💻 High Availability

First Published: 2024-06-03

How many nines do you need?

I consider myself to be a linux admin, or devops engineer as the kids say, so the goal of high availability is one without which I'd be much less optimistic about my career. I want to put out this article to take a step back and cover in broad strokes what level of availability you may want to aspire towards and what measures you can take to achieve it.

🔗 First Nine - 90%

9 days downtime per quarter

Not cracking the first nine is bad, even for hobby projects. To dip below the first nine, you need to ban the term "best practice" from your vocabulary, make pervasive use of all available hipster technology and abstain from any monitoring of any kind. The only way for you to dip below 90% availability that I can empathise with is if you run your server at home in a country with bad internet, like Germany.

If you follow your intuition and just throw your binary at a random VPS host, you'll get the first nine. And even in the event of an outage, you can take a day off before addressing it without adverse effect.

🔗 Second Nine - 99%

22 hours downtime per quarter

To get the second nine I recommend you sign up for some free uptime monitoring service like uptimerobot and configure it to send you email notifications on downtime. I'd say this level is perfectly appropriate for small personal projects or early public projects in the "move fast and break things" phase.
Bonus points for using version control and doing a recovery test every so often.

🔗 Third Nine - 99.9%

131 minutes downtime per quarter

At this point you need monitoring, ideally a little more than just third party uptime monitoring. You need to configure the monitoring software to wake you up at night if the server fails, or alternatively have some primitive failover mechanism that kicks in automatically. Such a failover mechanism could be an active-passive setup behind a reverse proxy, where you have another instance of your application running all the time ready to take over. This is also a good point to stop rolling out updates on a Friday afternoon and to establish some holistic testing procedure.

🔗 Fourth Nine - 99.99%

13 minutes downtime per quarter

Kubernetes! DevOps! Cloud! Congratulations, you're now the target audience for many shiny new things and evidently have enough of a business to throw some money at people like me. At this point your product needs to have reached some level of maturity and the infrastructure people need to put failover mechanisms into place that catch every common and expectable failure mode.

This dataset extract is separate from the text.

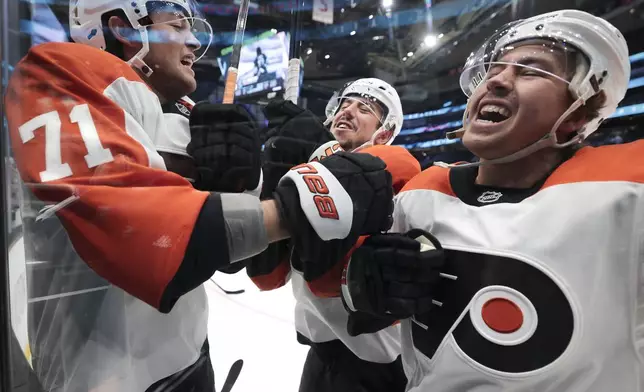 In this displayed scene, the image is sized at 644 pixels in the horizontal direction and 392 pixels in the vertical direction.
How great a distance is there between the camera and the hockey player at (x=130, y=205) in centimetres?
53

This is also getting into ghost hunting territory, as even moderately complex systems can have hard to predict failure conditions and the relatively short time for recovery means that one regular outage, even if handled to the standards of a fortune 500 tech firm, can ruin your availability stat for the year.

Maybe Kubernetes is the answer, maybe not. Add me to any team of software devs and I'll get you that third nine, but for the fourth you'll have to get me some colleagues. With a bit of luck, we'll figure it out.

🔗 Mythical Fifth Nine

79 seconds downtime per quarter

If the fourth nine requires hiring a couple of people, the fifth and beyond require hiring dozens, plus some very favourable conditions and/or luck. Even a product like Google Calendar, Reddit or Discord can be down for about an hour, easily ruining the fifth nine for a decade.

🔗 Before The First Nine

Make backups of your code. A git repository is sufficient for that, so you're probably good already. If you offer a stateful service, make regular backups of the application state, e.g. the customer data. This is why people are so conservative when it comes to storage: an outage is an inconvenience, loss of data is a company killer.

I hope this was a nice read and I got someone motivated to at least slap uptimerobot onto their blog. Maybe in a few years I'll have some snake oil to sell that promises that next nine, but for now this will do.